Canadian small-cap stocks have been taking a serious hit in 2022. As the TSX stock market has continued to decline, plentiful opportunities are showing themselves. Here are four bargain-priced Canadian stocks trading under $10 per share today.
A Canadian ESG stock
H2O Innovation (TSXV:HEO) is becoming a leader in water infrastructure services across the world. When I think of one of the most important resources in the world, it is fresh water. Unfortunately, there is a major deficiency in many parts of the world.
That presents a huge long-term opportunity for H2O. It provides filtration, purification, and wastewater recycling services for utilities, municipalities, and corporations.
After a recent 20% decline, this ESG stock trades for $2.08 per share. It only has a market capitalization of $187 million. Revenue and profit growth are expected in the mid- to high-teens range. However, this Canadian stock only trades for a relatively cheap enterprise value-to-EBITDA (EV/EBITDA) ratio of 10.

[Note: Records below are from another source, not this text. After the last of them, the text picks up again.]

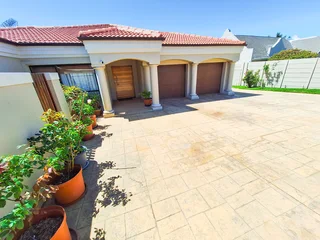 Luxury 4-Bedroom Tuscan Villa in Prime Eversdal Location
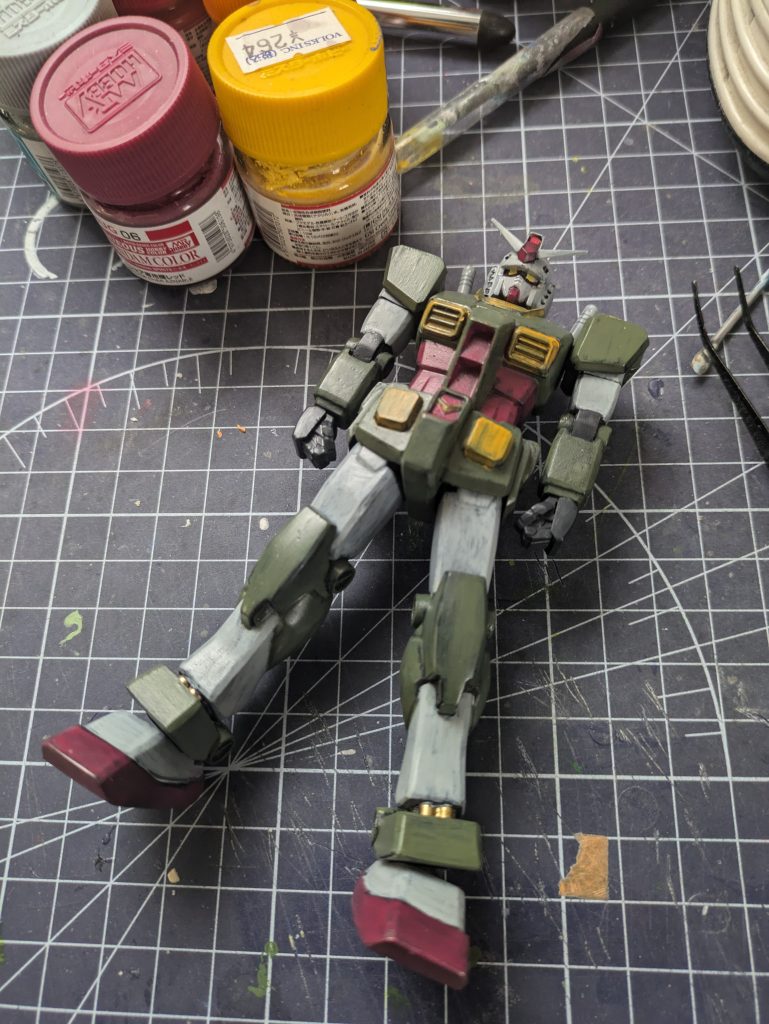 同じ角度の写真が塗装途中のものしか無くて申し訳ない。ここまで書くのを忘れてたのですが・バーニアノズル→コトブキヤのものに変更・ハンドパーツ→ビルドナックル角に変更・サーベルをhgucのと交換しています。腕は短くしたことで腰のあたりに拳がきています。塗装は水性ホビーカラーを筆塗りしたあとウェザリングカラーのブラウンで汚し、デカール→ドライブラシ→チッピング→ウェザリングマスターの順でウェザリングをしました。最後に股下に2mm穴を空けて真鍮線を差し込み土台に固定させて完成です。ここまで見てくださりありがとうございました。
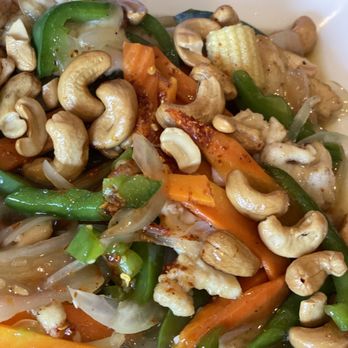 3 Ladies Thai Cuisine - Cashew chicken - Thai Near Me - Florence, Kentucky 3 Ladies Thai Cuisine - Cashew chicken - Thai Near Me - Florence, Kentucky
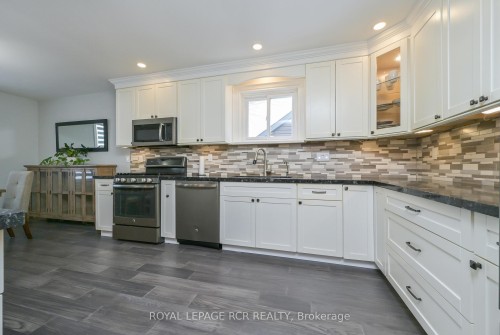 14 Goldgate Crescent, Orangeville, ON - Indoor Photo Showing Kitchen With Upgraded Kitchen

A solid dividend-paying energy stock
Another interesting resource stock with a renewable theme is Whitecap Resources (TSX:WCP). Yes, it is a mid-cap Canadian oil and gas producer. However, the company has carbon dioxide sequestration segment that makes its overall operations net carbon negative.
With global oil prices trading consistently above US$100 per barrel, Whitecap has been producing impressive results. In its first-quarter 2022 results, it grew oil production by 38%! Likewise, it saw free cash flow per unit increase 254% to $0.46. That’s a near 5% free cash flow yield in just one quarter!
At $10 per unit, this stock pays an attractive 3.6% dividend. That will likely keep rising if the energy environment remains robust.
A top real estate stock
Another Canadian stock that provides a solid mix of growth, income, and value is European Residential REIT (TSX:ERE.UN). It trades for $4.65 per unit, and it has a market cap of $416 million. Despite becoming one of the largest residential landlords in the Netherlands, this stock trades at a severe discount to other European and Canadian apartment peers.
Yet, it has been demonstrating very solid cash flow growth of about 10% over the past few years. The housing market in the Netherlands is very tight, so European Residential enjoys high occupancy and steady rental rate growth. Likewise, tenants are responsible for almost all property costs, so this REIT has very limited inflation-cost risk.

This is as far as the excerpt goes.